« Les raisons de ne plus accepter l'état actuel du monde sont presque trop nombreuses. Et pourtant rien n'arrive, personne ou presque ne se lève. » Toute une trame théorique soutient cette interrogation, elle renvoie à un récent basculement dans l'ordre des idées.
Par assimilation aux bêtes sauvages (le fameux « loup pour l'homme » de Hobbes) les humains ont été pensés comme égoïstes, violents, rebelles à toute contrainte. Autrement dit, la désobéissance est première, la culture vient par la suite nous humaniser, en maîtrisant la bête en nous.
L'expérience des régimes totalitaires, des grands génocides du XXe siècle a inversé cela. L'obéissance monstrueuse a paru première. Eichmann ne comprend pas comment on peut l'accuser alors qu'il « n'a fait qu'obéir aux ordres ».
Au-delà même des célèbres exemples de l'Histoire, on peut pointer le triomphe en Occident d'une rationalité froide, technique et gestionnaire. L'homme se fait automate. Du coup, dit l'auteur, « c'est la désobéissance qui humanise ». Par là même, on accepte de ne pas toujours déléguer, comme nous y invite une société infantilisante.

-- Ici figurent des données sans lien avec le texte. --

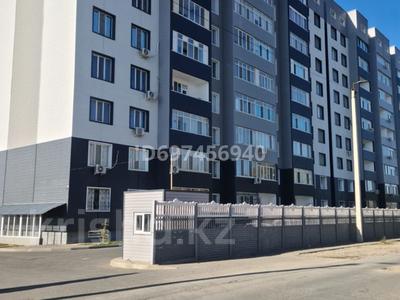 3-комнатная квартира, 87.6 м², 2/10 этаж помесячно, Сатпаева 30А — Район Гидрокомплекса за 250 000 〒 в Таразе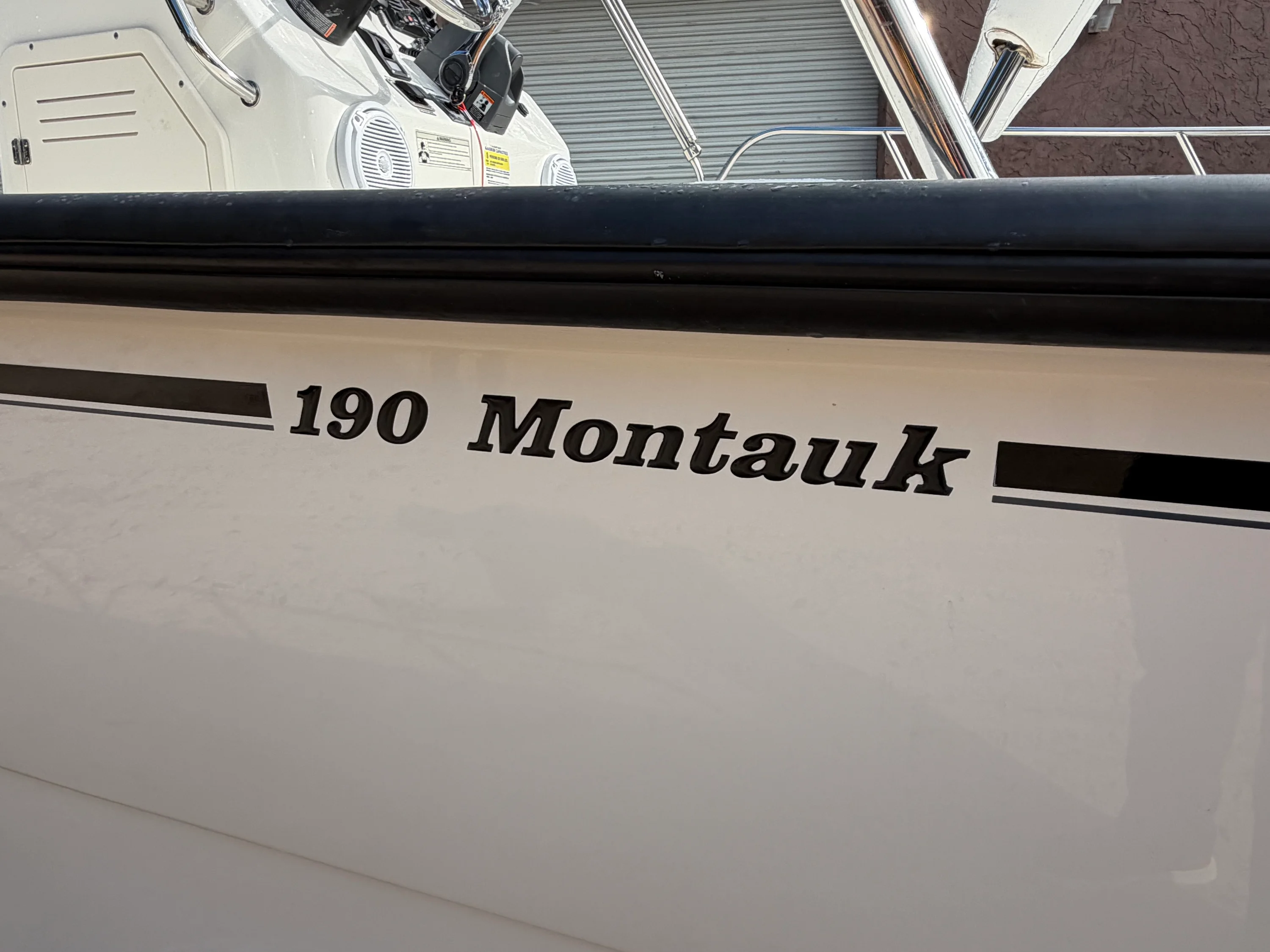 2015 Boston Whaler 190 MONTAUAK Image Thumbnail #65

Frédéric Gros n'a de cesse de nourrir le paradoxe, continuer à obéir tout en célébrant l'histoire d'Act-up, comme le fait le film « 120 Battements par minute », ou en rappelant les 343 femmes qui en 1971 déclaraient avoir avorté alors que l'IVG était illégale. Aider des migrants à passer la frontière italienne… Autant de faits montrant la permanence d'un désir de désobéissance qui, pourtant, a bien du mal à s'incarner.
Sur les pas de Thoreau
Tout en suivant ce fil, finalement assez facile et confortable, Frédéric Gros se dirige du côté d'une éthique du politique, vers « la manière dont chacun se rapporte à lui-même, se construit un certain rapport depuis lequel il s'autorise à faire ceci plutôt que cela ».
Ceci le conduit à rencontrer le poète et philosophe américain Henry David Thoreau (1817-1862), célèbre pour ses promenades dans lesquelles il se retrouve irremplaçable, « indélégable », apôtre d'une désobéissance civile qui lui vaudra une nuit en prison. Il ne s'agit pas ici d'une petite révolte de pacotille, mais d'une volonté « de ne pas pouvoir supporter longtemps l'intolérable ».
Tel est un peu le cas d'Antigone, figure incontournable. L'auteur montre qu'elle ne se borne pas à préférer l'ordre du cœur à celui de la Loi, mais qu'elle met en cause le principe même d'une soumission.
Voici de très riches analyses qui devraient rencontrer la curiosité d'un pays qui possède, paraît-il, un parti des Insoumis.